Every line of the records below from the line with "Image de 18th-floor" up to and including the line with "Lampu Jalan Tenaga" must be reproduced exactly, and no line outside that range.

Data for review:
_ _ _
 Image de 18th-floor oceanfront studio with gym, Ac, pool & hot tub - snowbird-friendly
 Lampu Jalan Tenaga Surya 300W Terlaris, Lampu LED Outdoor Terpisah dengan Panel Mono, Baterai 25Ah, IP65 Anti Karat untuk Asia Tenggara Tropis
_ _ _
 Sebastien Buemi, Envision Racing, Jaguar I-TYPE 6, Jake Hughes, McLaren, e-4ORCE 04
_ _ _
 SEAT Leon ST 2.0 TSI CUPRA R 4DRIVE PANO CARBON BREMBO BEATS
_ _ _
Written response:
 Image de 18th-floor oceanfront studio with gym, Ac, pool & hot tub - snowbird-friendly
 Lampu Jalan Tenaga Surya 300W Terlaris, Lampu LED Outdoor Terpisah dengan Panel Mono, Baterai 25Ah, IP65 Anti Karat untuk Asia Tenggara Tropis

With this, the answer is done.